The show, “Extraordinary Exhibitions,” features items from a collection assembled by Ricky Jay, the actor, magician, student of magic, and Renaissance man. Jay’s collection includes much that is extraordinary. But the focus is on the more mundane, the throwaway announcements urging the rubes to hie themselves to the theatre or the tent at the edge of town to see something they would scarcely believe and never forget. Vast piles of such handbills were trampled into the mud, carted off to the dump in the household garbage, or used to light fires. Times critic Michael Kimmelman says:

“But the handbills must have been appreciated, or else they landed by mistake in a pile on someone’s desk or inside someone’s library, as bookmarks, avoiding leaky roofs, small children with soiled hands and generations of tidy owners, to transmute into prized artifacts that passed to the antiquarian market, from which Mr. Jay, a century or two or three after they were printed, acquired them.

“And now they’ve landed in an art museum.

“Art works that way. It can turn up, unexpectedly, and once you see it, you can’t imagine how you missed it in the first place.”
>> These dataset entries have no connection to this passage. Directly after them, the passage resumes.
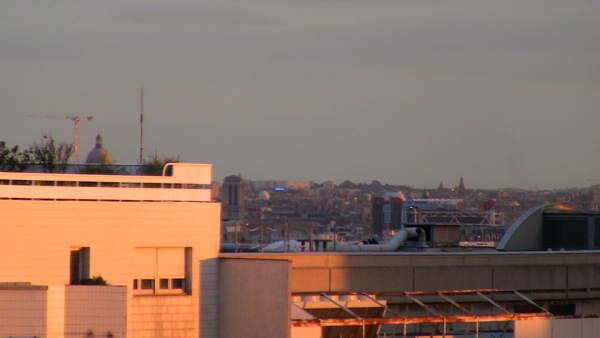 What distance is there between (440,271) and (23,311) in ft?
44.0

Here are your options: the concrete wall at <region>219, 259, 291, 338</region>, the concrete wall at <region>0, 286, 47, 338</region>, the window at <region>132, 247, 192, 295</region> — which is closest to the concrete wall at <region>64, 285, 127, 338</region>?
the concrete wall at <region>0, 286, 47, 338</region>

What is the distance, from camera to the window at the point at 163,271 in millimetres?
39812

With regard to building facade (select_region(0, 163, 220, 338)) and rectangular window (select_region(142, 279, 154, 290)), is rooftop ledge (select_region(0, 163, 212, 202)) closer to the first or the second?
building facade (select_region(0, 163, 220, 338))

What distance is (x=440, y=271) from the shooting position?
44125mm

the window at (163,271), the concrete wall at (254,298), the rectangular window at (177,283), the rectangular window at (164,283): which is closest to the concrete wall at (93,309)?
the window at (163,271)

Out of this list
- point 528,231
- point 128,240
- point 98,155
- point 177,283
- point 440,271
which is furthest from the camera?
point 98,155

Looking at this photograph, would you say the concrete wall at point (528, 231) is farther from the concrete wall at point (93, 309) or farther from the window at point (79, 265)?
the concrete wall at point (93, 309)

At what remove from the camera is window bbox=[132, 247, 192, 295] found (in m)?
39.8

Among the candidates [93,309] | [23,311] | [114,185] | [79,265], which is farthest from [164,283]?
[23,311]

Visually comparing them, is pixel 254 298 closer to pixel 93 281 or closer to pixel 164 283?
pixel 164 283

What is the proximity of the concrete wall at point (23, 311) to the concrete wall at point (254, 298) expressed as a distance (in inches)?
228

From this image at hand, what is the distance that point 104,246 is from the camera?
3869cm

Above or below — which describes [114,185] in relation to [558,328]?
above

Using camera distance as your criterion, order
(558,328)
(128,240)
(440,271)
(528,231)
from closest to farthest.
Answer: (128,240)
(558,328)
(440,271)
(528,231) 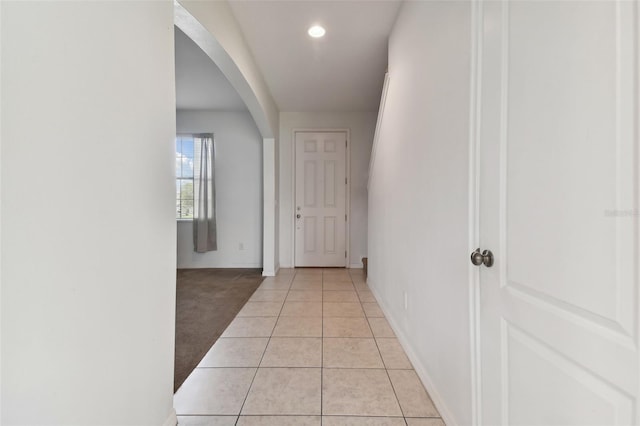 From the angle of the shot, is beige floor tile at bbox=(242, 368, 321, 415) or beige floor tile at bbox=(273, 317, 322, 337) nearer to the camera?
beige floor tile at bbox=(242, 368, 321, 415)

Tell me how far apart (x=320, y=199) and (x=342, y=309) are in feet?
7.29

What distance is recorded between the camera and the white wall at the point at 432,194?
3.68 feet

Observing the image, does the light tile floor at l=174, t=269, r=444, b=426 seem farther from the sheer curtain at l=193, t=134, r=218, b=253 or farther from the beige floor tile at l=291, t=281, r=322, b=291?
the sheer curtain at l=193, t=134, r=218, b=253

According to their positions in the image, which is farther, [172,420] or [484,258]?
[172,420]

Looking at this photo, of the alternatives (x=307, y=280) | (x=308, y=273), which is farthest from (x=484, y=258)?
(x=308, y=273)

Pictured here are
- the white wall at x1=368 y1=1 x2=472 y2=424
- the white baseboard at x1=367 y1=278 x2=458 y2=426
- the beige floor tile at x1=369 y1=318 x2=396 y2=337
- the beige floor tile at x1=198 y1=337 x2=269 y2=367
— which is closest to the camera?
the white wall at x1=368 y1=1 x2=472 y2=424

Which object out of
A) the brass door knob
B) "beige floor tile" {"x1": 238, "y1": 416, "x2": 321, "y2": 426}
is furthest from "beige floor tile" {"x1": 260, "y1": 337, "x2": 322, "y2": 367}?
the brass door knob

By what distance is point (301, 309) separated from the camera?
2.68m

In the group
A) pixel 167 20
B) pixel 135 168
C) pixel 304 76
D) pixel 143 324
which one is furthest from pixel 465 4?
pixel 304 76

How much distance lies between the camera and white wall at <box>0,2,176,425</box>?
23.8 inches

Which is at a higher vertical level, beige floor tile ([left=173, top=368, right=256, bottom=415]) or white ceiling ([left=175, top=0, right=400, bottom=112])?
white ceiling ([left=175, top=0, right=400, bottom=112])

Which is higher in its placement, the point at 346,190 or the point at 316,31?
the point at 316,31

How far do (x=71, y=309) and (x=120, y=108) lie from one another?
0.62 meters

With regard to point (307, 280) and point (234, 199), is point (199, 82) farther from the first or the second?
point (307, 280) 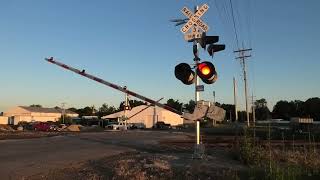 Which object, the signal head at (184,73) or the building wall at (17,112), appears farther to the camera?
the building wall at (17,112)

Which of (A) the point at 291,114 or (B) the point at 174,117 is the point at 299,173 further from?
(A) the point at 291,114

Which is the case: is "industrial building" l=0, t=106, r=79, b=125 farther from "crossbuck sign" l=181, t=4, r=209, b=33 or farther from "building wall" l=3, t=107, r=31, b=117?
"crossbuck sign" l=181, t=4, r=209, b=33

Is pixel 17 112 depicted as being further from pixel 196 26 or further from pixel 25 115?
pixel 196 26

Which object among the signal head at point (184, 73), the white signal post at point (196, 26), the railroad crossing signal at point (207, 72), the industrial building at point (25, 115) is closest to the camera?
the railroad crossing signal at point (207, 72)

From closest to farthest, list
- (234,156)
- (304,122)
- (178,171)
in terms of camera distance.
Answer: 1. (178,171)
2. (234,156)
3. (304,122)

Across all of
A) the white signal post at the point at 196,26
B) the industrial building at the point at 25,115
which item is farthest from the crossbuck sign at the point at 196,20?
the industrial building at the point at 25,115

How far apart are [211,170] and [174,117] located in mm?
118903

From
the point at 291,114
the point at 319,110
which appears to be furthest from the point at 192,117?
the point at 291,114

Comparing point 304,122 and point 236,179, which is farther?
point 304,122

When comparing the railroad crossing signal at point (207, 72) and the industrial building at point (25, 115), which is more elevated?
the industrial building at point (25, 115)

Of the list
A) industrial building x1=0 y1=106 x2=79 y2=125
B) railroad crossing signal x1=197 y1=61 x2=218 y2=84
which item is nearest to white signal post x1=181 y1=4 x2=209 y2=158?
railroad crossing signal x1=197 y1=61 x2=218 y2=84

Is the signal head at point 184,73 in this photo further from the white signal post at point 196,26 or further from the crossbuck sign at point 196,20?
the crossbuck sign at point 196,20

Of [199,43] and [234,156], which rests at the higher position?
[199,43]

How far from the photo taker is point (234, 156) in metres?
17.1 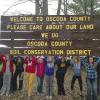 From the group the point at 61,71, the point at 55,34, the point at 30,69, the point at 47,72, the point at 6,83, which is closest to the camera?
the point at 55,34

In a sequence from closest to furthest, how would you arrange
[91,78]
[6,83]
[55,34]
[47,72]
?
[55,34], [91,78], [47,72], [6,83]

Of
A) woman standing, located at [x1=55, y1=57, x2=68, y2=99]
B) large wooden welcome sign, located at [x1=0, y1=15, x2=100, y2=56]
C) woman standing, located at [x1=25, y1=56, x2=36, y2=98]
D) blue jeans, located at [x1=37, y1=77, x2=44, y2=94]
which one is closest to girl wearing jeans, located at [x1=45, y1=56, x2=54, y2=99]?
woman standing, located at [x1=55, y1=57, x2=68, y2=99]

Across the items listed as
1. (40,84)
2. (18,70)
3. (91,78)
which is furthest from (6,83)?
(91,78)

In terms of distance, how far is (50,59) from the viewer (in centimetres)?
2219

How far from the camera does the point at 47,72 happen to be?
2241 cm

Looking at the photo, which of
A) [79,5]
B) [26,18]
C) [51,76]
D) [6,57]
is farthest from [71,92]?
Result: [79,5]

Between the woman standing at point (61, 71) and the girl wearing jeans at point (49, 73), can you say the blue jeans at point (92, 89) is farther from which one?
the girl wearing jeans at point (49, 73)

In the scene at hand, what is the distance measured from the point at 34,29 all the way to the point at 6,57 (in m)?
2.86

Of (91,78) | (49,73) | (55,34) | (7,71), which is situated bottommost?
(91,78)

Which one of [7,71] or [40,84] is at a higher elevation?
[7,71]

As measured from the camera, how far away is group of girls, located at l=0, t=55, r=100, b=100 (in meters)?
21.5

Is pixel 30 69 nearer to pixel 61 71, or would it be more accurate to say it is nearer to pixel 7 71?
pixel 7 71

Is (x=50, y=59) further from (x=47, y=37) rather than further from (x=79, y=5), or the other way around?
(x=79, y=5)

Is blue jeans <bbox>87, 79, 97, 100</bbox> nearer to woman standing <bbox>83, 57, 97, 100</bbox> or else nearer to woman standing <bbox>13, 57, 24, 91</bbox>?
woman standing <bbox>83, 57, 97, 100</bbox> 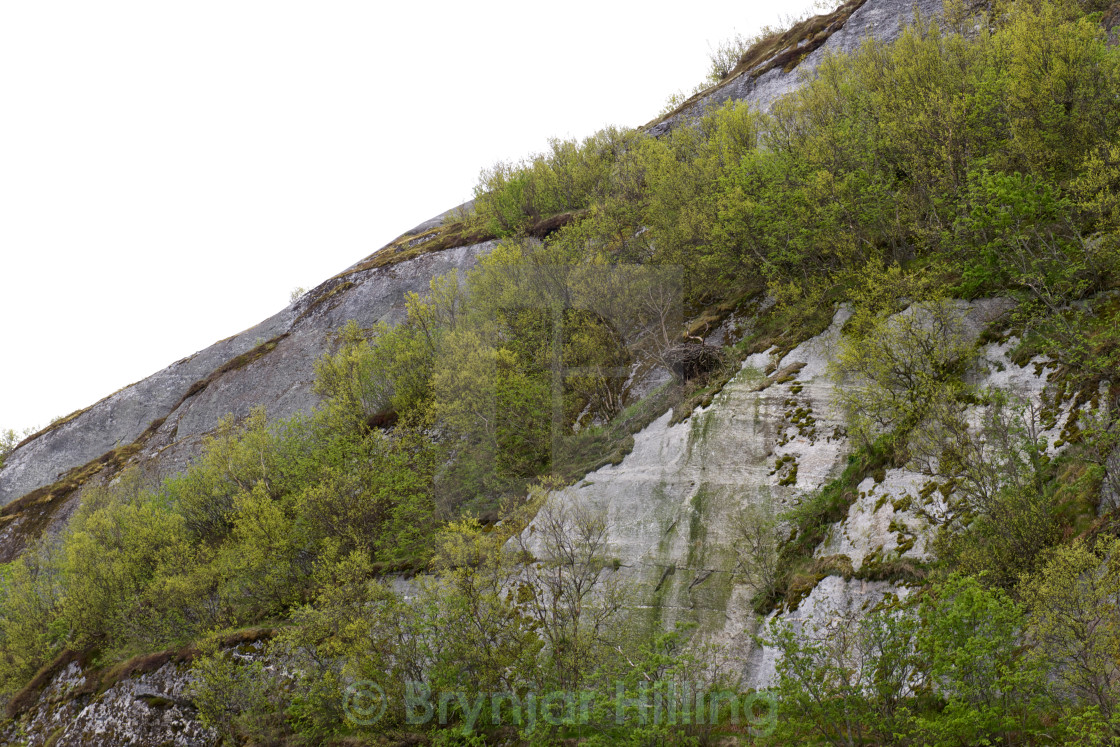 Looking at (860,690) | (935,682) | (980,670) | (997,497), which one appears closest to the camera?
(980,670)

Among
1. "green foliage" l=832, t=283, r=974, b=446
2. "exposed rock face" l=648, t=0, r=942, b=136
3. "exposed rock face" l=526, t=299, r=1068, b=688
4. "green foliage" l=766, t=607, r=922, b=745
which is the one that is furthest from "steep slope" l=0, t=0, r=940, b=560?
"green foliage" l=766, t=607, r=922, b=745

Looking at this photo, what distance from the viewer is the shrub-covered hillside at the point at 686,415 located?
555 inches

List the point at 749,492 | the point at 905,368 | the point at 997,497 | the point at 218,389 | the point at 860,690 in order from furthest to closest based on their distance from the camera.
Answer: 1. the point at 218,389
2. the point at 749,492
3. the point at 905,368
4. the point at 997,497
5. the point at 860,690

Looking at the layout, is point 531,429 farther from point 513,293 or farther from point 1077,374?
point 1077,374

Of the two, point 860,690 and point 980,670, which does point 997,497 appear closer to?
point 980,670

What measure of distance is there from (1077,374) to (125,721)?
1919 inches

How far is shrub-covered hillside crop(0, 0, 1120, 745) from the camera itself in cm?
1411

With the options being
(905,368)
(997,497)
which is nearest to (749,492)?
(905,368)

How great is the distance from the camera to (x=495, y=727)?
23672 millimetres

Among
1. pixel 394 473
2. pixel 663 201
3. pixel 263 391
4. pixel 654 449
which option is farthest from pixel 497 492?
pixel 263 391

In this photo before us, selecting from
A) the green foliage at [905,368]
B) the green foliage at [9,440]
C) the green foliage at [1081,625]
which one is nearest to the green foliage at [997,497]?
the green foliage at [1081,625]

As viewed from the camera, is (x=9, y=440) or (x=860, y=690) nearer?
(x=860, y=690)

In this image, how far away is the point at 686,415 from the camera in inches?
1189

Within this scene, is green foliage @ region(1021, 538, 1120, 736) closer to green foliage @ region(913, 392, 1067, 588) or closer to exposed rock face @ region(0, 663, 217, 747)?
green foliage @ region(913, 392, 1067, 588) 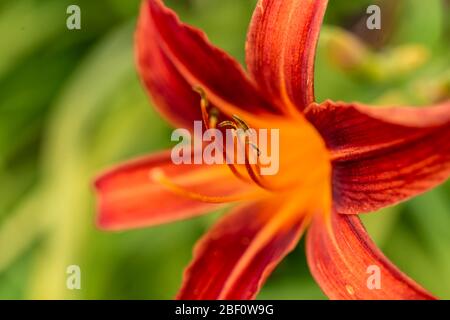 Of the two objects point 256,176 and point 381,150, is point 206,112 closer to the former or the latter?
point 256,176

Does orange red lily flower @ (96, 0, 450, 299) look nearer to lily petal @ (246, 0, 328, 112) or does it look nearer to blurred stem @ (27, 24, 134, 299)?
lily petal @ (246, 0, 328, 112)

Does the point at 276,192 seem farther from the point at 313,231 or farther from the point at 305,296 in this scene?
the point at 305,296

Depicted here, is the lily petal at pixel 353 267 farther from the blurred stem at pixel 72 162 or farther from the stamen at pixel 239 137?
the blurred stem at pixel 72 162

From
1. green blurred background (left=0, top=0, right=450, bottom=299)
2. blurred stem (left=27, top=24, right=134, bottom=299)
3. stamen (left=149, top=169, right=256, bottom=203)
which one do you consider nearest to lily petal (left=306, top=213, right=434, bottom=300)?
stamen (left=149, top=169, right=256, bottom=203)

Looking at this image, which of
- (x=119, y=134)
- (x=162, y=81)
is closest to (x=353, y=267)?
(x=162, y=81)

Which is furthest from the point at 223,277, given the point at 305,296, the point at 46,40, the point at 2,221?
the point at 46,40

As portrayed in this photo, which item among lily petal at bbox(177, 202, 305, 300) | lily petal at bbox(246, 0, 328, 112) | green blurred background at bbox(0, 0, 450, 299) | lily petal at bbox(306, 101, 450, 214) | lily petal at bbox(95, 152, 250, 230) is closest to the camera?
lily petal at bbox(306, 101, 450, 214) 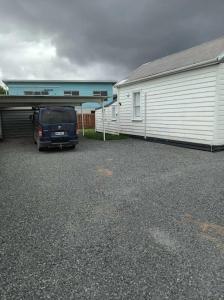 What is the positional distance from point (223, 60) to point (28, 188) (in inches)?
317

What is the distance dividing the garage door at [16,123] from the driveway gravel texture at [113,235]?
13.5m

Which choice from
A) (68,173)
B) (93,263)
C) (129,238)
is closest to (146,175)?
(68,173)

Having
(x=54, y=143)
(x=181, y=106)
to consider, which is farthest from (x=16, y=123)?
(x=181, y=106)

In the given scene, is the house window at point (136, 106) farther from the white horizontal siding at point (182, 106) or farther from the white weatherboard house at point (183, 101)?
the white horizontal siding at point (182, 106)

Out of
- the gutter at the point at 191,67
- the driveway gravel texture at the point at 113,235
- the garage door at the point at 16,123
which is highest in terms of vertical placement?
the gutter at the point at 191,67

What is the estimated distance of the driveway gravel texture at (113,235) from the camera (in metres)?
2.51

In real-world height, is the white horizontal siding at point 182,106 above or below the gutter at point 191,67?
below

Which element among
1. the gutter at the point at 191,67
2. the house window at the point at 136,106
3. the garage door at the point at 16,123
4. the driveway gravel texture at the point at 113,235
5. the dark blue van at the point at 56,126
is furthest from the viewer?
the garage door at the point at 16,123

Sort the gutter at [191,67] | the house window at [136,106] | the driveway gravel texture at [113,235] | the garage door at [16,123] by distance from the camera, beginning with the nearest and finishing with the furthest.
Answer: the driveway gravel texture at [113,235] < the gutter at [191,67] < the house window at [136,106] < the garage door at [16,123]

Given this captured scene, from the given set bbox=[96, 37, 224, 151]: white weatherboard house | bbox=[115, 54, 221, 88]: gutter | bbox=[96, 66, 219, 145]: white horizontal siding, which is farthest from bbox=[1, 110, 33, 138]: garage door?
bbox=[115, 54, 221, 88]: gutter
Of course, there’s more to the handbills than age and rarity. Yes, they promise amazing feats with colorful language and imagery, and they were meant to inspire curiosity if not wonder. But the amazing feat they accomplish now — without anvils or German strongwomen — is they way they capture ordinary voices speaking unselfconsciously to their own time.

Walk around most of our cities today, and you’ll see lots of flyers stapled to utility poles. Some poles in Berkeley have had so many handbills hung on them that they have layers of staples at eye level. The handbill of our day might be more pedestrian — by informal survey, the chief topic is lost pets — and they might lack the artistic flair of handbills of old. But I read them anyway. On some level, there are voices there, and maybe even art.